Start of Stored data

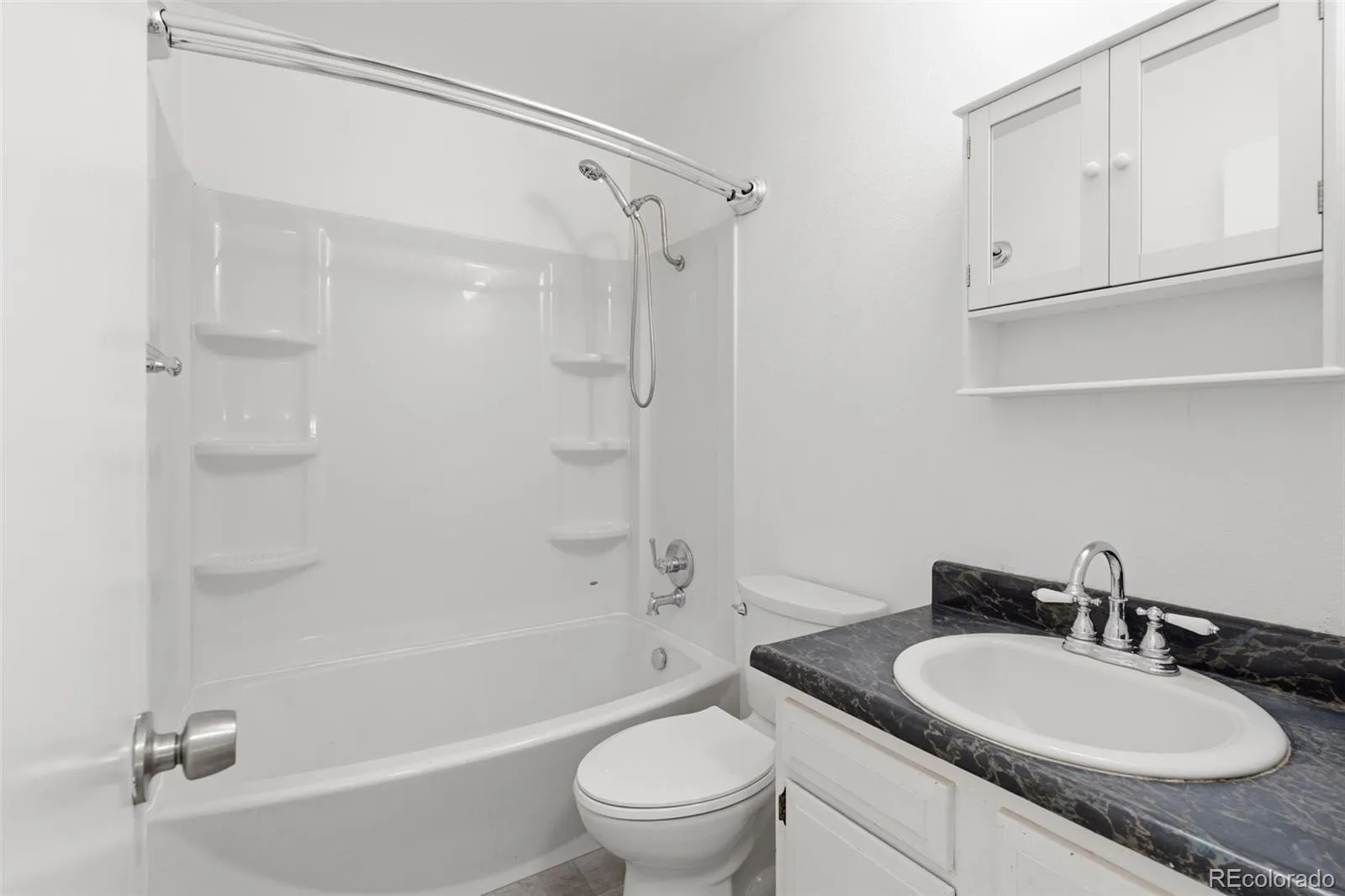 1719 S Lee Street #D Lakewood CO 80232 | MLS #REC2338886 05202026194238 1600 18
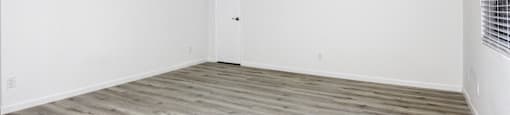 an empty room with white walls and wood floors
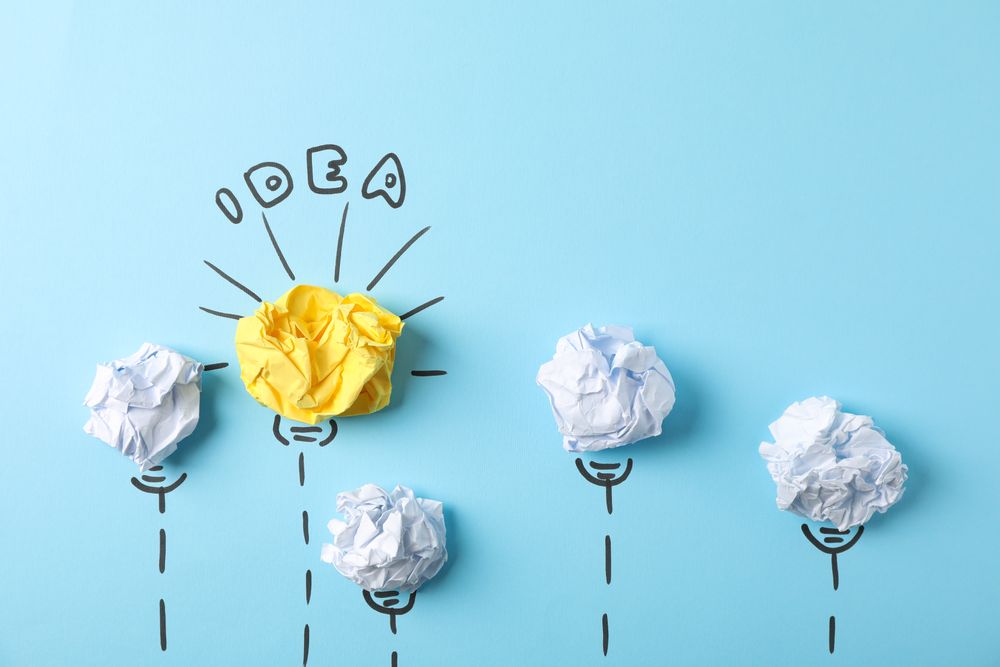 Light bulb and paper balls on blue background, space for text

End of Stored data

-- Work order --
Please return all of the material above exactly, minus any pictures.

-- Finished task --
 1719 S Lee Street #D Lakewood CO 80232 | MLS #REC2338886 05202026194238 1600 18
 an empty room with white walls and wood floors
 Light bulb and paper balls on blue background, space for text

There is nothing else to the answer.